Oui, c'est ce qui a été dit ce soir. La zone d'autonomie temporaire où je peux m'exprimer, je peux publier, je n'ai pas besoin de passer par un rédacteur en cher, par un correcteur. Je peux lancer une pétition, court-circuiter mon député, donner mon avis ... C'est ça que les gens aiment bien. S'auto-organiser, en dehors des cadres et des schémas. C'est ça qui reste profondément libertaire dans l'internet. Mais ce n'est pas le libertaire anarchiste, politique, tel qu'on peut l'apprendre dans les livres d'histoire. Ce libertaire là, souvent, il n'aime pas la technologie. Il a envie de casser les machines. Pour lui toutes les machines sont par essence un mécanisme d'oppression. Donc s'il y a des technologies qui libèrent l'individu, peut-être, effectivement, ce sont des technologies qui sont liées à internet.
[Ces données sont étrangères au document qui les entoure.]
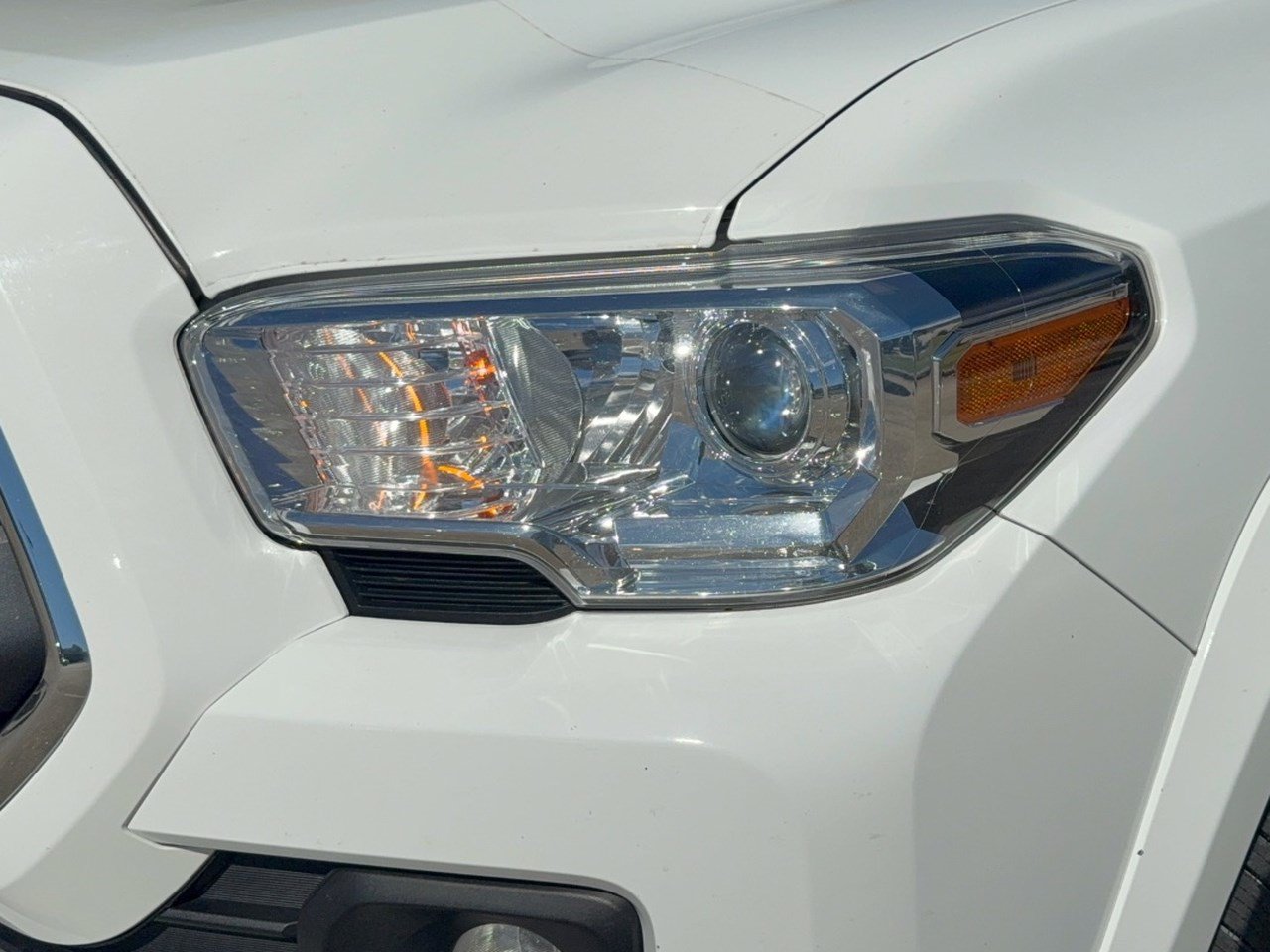 Used 2023 Toyota Tacoma SR5 RWD image 12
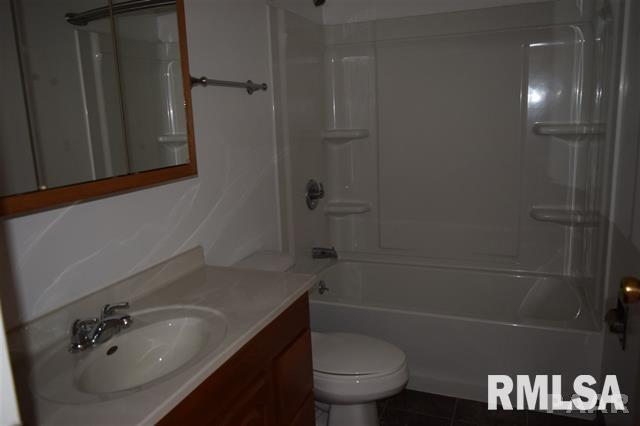 3816 North Sheridan Road Peoria, IL 61614 - Photo 10 of 10 Gallery Image 10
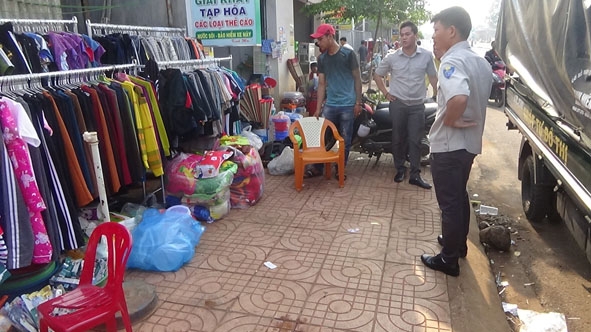 Tổ trật tự đô thị phường Tự An nhắc nhở các hộ buôn bán lấn chiếm lề đường trước cổng Bệnh viện Đa khoa vùng Tây Nguyên. 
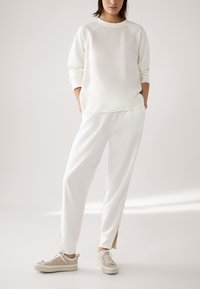 Massimo Dutti Sweater - white
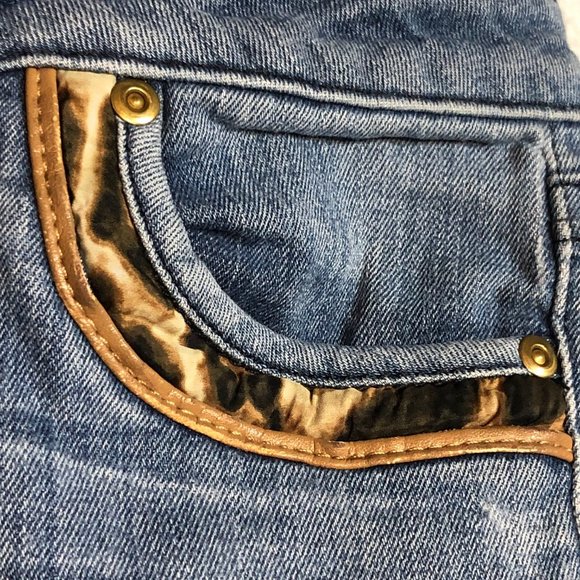 Cache Skinny Leg Leopard Pocket Blue Jeans - Picture 5 of 8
Reste encore la question de démocratiser ces méthodes

C'est ça la clef. Si on peut être libertaire sur internet que entre soi, parce qu'on connait très bien internet, parce qu'on est très éduqué, qu'on a accès au meilleur débit et aux meilleures techniques pour connaître les dessous et les tréfonds de l'internet, c'est vrai que c'est quelque chose qui restera réservé à une élite. Et s'il y a un rêve libertaire dans internet, c'est celui où tout le monde peut s'exprimer. Alors, effectivement, tout le monde peut s'exprimer sur facebook, mais est-ce que tout le monde a une idée claire de ce que facebook fait de nos données ? Il faut avoir, et l'éducation, c'est la clef, et en plus les possibilités de pouvoir utiliser l'aspect libertaire d'internet.

Qu'est-ce que le code nous apporte ? En faisant un clin d'oeil à Simplon que vous avez co-fondé.

Le code c'est l'idée qu'on n'est pas là juste pour lire et consommer. On peut aussi produire, écrire, modifier. On est tous avec plein de technologie dans nos poches et dans nos mains et on oublie que les ordinateurs sont bêtes, qu'ils obéissent à des ordres et qu'il suffit d'apprendre leur langue pour pouvoir leur faire faire ce que l'on veut. Le code c'est retrouver cet esprit là. Retrouver cette idée que oui, il y a des champions du monde de go qui perdent contre des intelligences artificielles mais que ces intelligences là ont été programmées et que c'est l'humain qui a la main sur les technologies et pas le contraire. En codant et en sachant donner des ordres à un ordinateur, on retrouve cette espèce de miracle : oui, c'est l'homme qui domine la technologie et pas le contraire. On n'est pas obligé de consommer les technologies, on peut aussi créer avec.